QueryPerformanceCounter is not a source for unique identifiers


This article happened to catch my eye:

I needed to generate some unique number in my application. I could use GUID, but it was too large for me (I need to keep lots of unique identifiers). I found something like this:

[System.Runtime.InteropServices.DllImport("Kernel32.dll")]
private static extern int
    QueryPerformanceFrequency(ref System.Int64 frequency);

[System.Runtime.InteropServices.DllImport("Kernel32.dll")]
private static extern int
    QueryPerformanceCounter(ref System.Int64 performanceCount);

public static long GenerateUniqueId()
{
      System.Int64 id = 0;
      QueryPerformanceFrequency(ref id);
      QueryPerformanceCounter(ref id);
      return id;
}

This code generates Int64 (long) unique number (at least I hope it is unique). The uniqueness is in the scope of process. So two processes can generate the same number, but it should be always unique in a single process (I am not sure about two threads invoking the same GenerateUniqueId() method.
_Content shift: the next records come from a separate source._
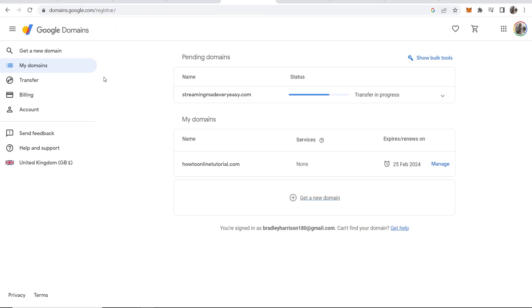In this video I'll show you how you can transfer a Google Domain to another Google Domains account. So essentially you're transferring a domain like this one here to another Google account and I'll show you how you can do that right now.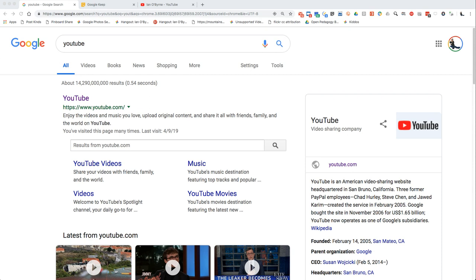For those of you that don't know, YouTube is the largest video sharing network on the planet. Most of us are using YouTube on a day-to-day basis, and our kids in and out of our classrooms are using YouTube on a day-to-day basis. So I believe it's an important and valuable teaching tool.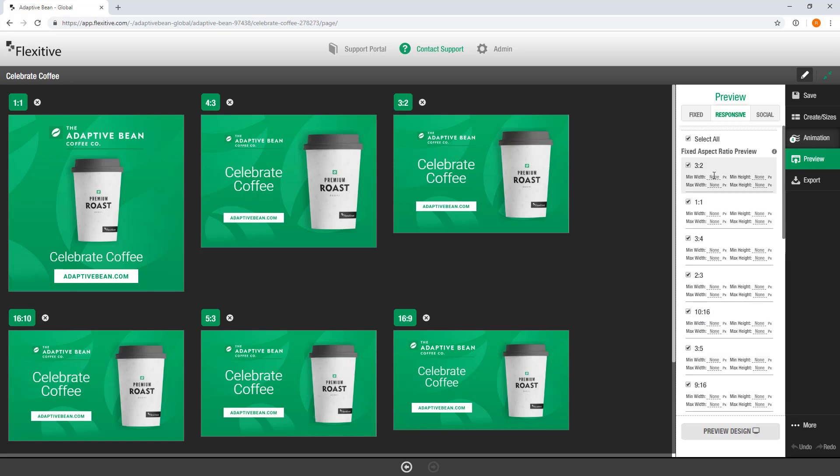Now for every single aspect ratio you can also set a minimum or maximum width and height and this allows you to control how that design is going to be displayed. So say for example if in my one by one I only ever want the width to be a minimum of 300 pixels I can set that using this option here. I'm going to leave them all blank for now and we're going to go into a little bit more depth on this in a separate video on responsive preview pages.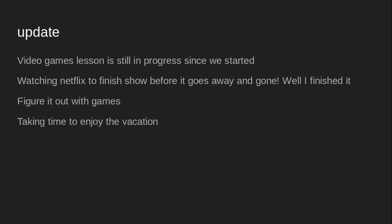Updates. Video games lesson is still in the process since we started it. Watching Netflix to finish the show before it goes away and gone. Well, I finished it.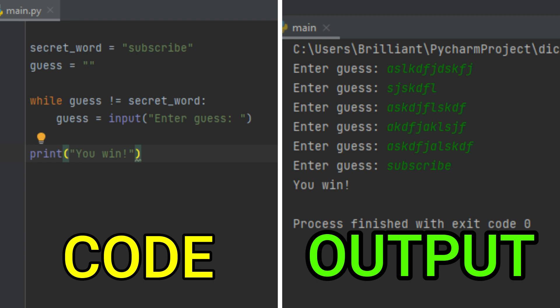A lot of times when we're making a guessing game we want to set a limit on the number of times the user can try to guess the word. Let's say the user has three tries to guess the word — if they can't guess it after three tries they lose the game, but if they guess it within three tries they win. I think this will be a more fun game, so let's program that.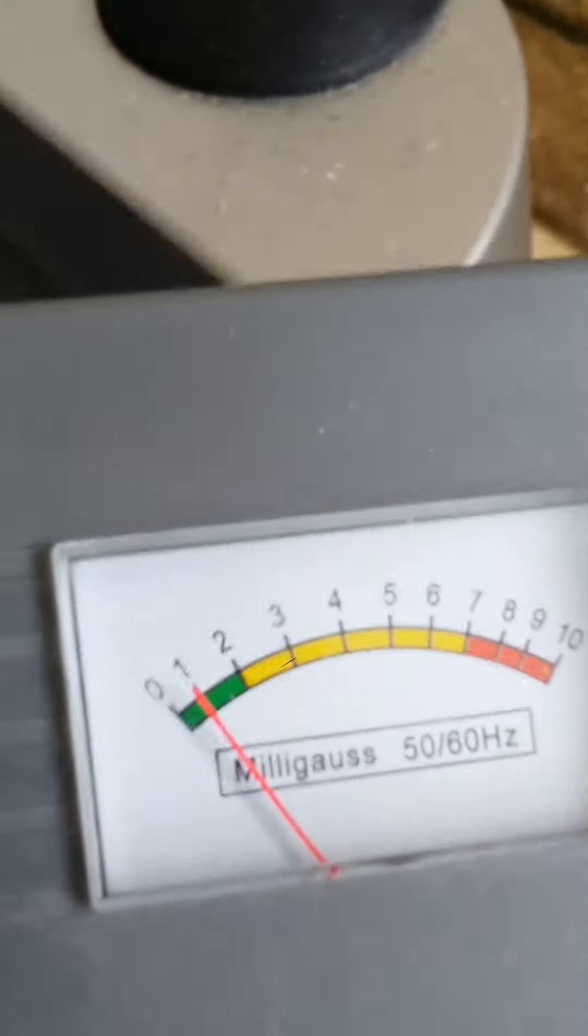Wow. Like, literally, like seriously, it's like zero. Let me move across. One milligauss. Like, wow. It's like one milligauss. That's awesome.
QueryPerformanceCounter retrieves the current value of the high-resolution performance counter, but there is no guarantee that every call to the function will return a different number.

The frequency of the high-resolution performance counter is determined by the HAL. You might think that the RDTSC instruction would be perfect for this purpose, since it returns the number of CPU clock ticks, a value that always increases at a very high rate. But there are many problems with RDTSC. For example, variable-speed processors mean that the rate at which CPU clock elapse varies over time. A million clock ticks might take one millisecond when the computer is running on wall power, but two milliseconds when running on battery power.

If the HAL can't use RDTSC, what does it use instead? Well, as I said, it's up to the HAL to find something suitable. Older motherboards have to make do with the programmable interval timer which runs at 1,193,182 ticks per second (approximately 0.8 microseconds per tick). Newer motherboards can use the ACPI timer which runs at 3,579,545 ticks per second (approximately 0.3 microseconds per tick).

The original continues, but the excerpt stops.